Identifying targets of natural selection in human and dog evolution

Over the course of the past year or so, I’ve been working (with Jonathan Pritchard) on a statistical method for learning about the history of a set of populations from genetic data. Much of this work is described in a paper we recently made available as a preprint [1]. However, as many readers will know, writing a paper involves deciding which results are important to the main point (and worth fleshing out in detail), and which aren’t. In this post, I’m going to describe some results and thoughts that didn’t quite make the cut, but which I think merit a small note. In particular, I’m going to discuss how having a demographic model for a large number of populations might be used to identify genes important in adaptation, and describe results from humans and dogs.
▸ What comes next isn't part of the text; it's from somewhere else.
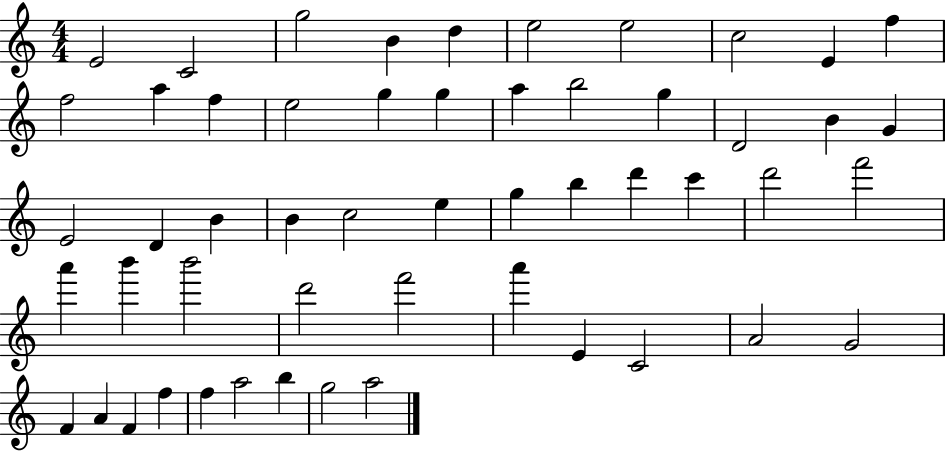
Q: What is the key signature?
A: C major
Imagine you have genome-wide genetic data (from SNP arrays, genome sequencing, or whatever) from a number of populations in a species. A common way to visualize the relationship between your populations is to use a tree. For example, below I’ve built a tree of the 53 human populations from the Human Genome Diversity Panel (using the data from Li et al. [2]).


Maximum likelihood tree of 53 human populations built using TreeMix.
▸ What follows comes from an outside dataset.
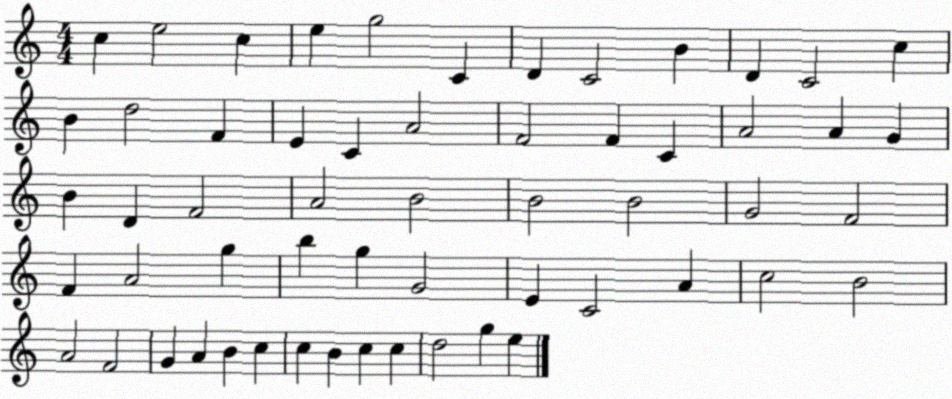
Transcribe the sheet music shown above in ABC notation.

Of course, populations within a species don’t just split, they also mix via gene flow. These types of events are not modeled when forcing populations into a tree. Below, I’m showing a heatmap that depicts how well each pair of human populations fits the above tree. The dark greens, blues, and blacks represent pairs of populations that are, in some sense, too far away from each other in the tree. These populations are potential candidates for admixture events (indeed, you can see known admixed populations like the Mozabite jump out from a plot like this). This is the sort of signal we focus on in our paper.

HGDP residuals

Residual fit from the tree of 53 human populations. Large residuals indicate potential admixture events.

While populations that don’t fit a tree well are candidates for gene flow, what about individual SNPs that don’t fit the tree? These SNPs are ones that have changed frequency in ways that are surprising given the demographic history of the populations. A plausible hypothesis, then, is that they (or linked variation) have been the target of natural selection.


To explore this possibility, I used the human data from Li et al. [2] and dog data (from 82 dog breeds) from vonHoldt et al. [3]. I first built trees of the populations in each species. The human tree is the one shown above, and the dog tree is the one from our paper. I then applied a simple metric that measures how well the allele frequencies at any given SNP match the tree [4]. The “interesting” SNPs are those with the worst fit to the tree. Below, I’m showing the 10 most “interesting” SNPs from the dog data; I report their chromosomal position, the nearest gene, and the phenotype influenced by variation in this region (if one is known). I made no attempt to group together SNPs that tag the same signal.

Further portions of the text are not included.